_EXERCISE DIRECTIONS_: Look in the material below for the line holding "Dr. Bronner s". Set it down exactly, with each later line up to and including the line holding "Used 2025 Black".

_SUPPLIED DATA_:
-*-

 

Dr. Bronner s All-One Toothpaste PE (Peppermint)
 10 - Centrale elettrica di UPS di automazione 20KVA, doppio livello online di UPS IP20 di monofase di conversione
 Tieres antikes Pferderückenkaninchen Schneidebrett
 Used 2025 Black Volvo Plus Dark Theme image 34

-*-

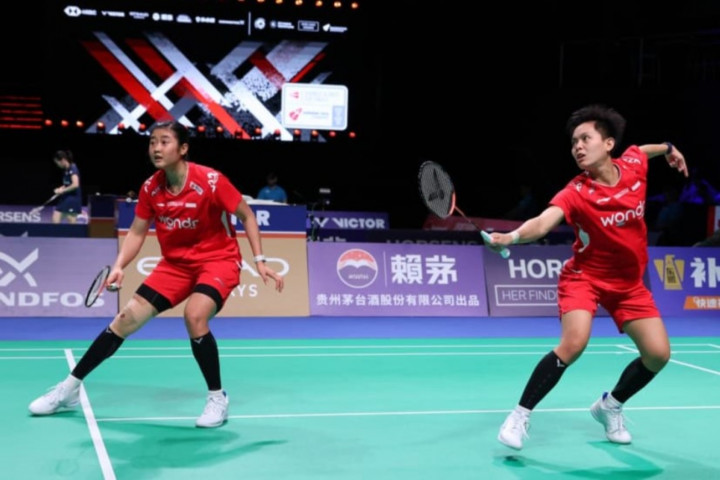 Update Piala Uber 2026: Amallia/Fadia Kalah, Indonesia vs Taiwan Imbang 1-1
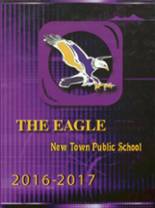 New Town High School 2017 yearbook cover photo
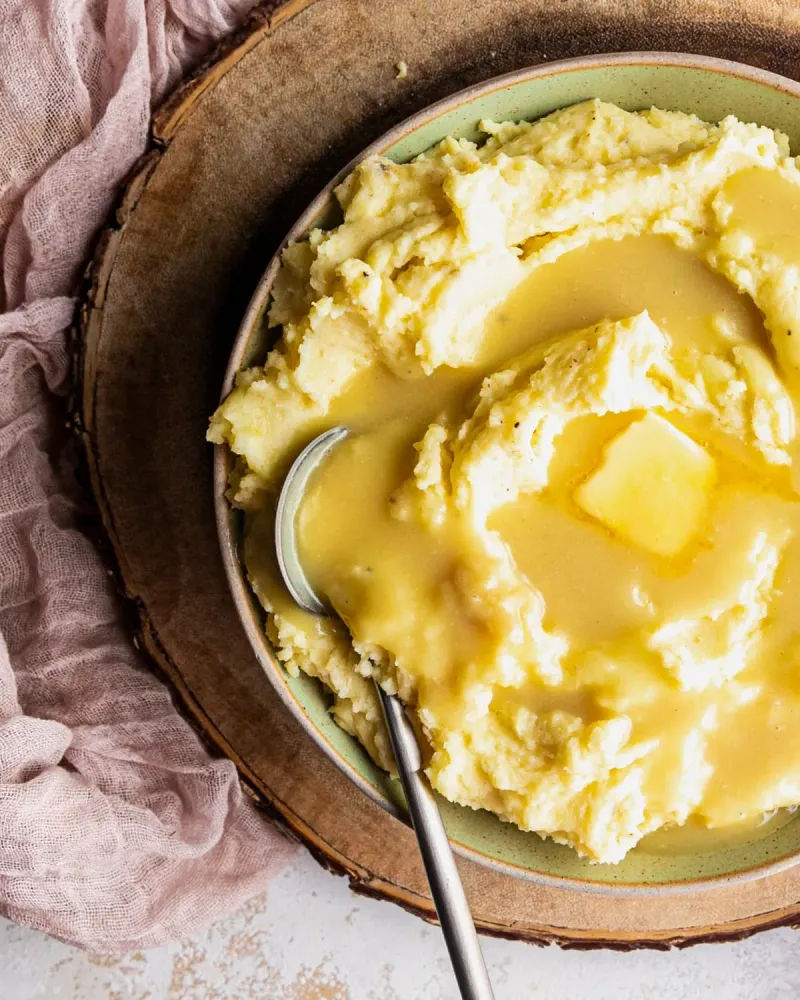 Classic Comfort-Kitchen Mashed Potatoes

-*-

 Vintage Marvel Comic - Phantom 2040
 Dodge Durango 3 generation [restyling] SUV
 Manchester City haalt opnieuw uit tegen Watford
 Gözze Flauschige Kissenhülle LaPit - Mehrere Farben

-*-

_EXPECTED ANSWER_:
Dr. Bronner s All-One Toothpaste PE (Peppermint)
 10 - Centrale elettrica di UPS di automazione 20KVA, doppio livello online di UPS IP20 di monofase di conversione
 Tieres antikes Pferderückenkaninchen Schneidebrett
 Used 2025 Black Volvo Plus Dark Theme image 34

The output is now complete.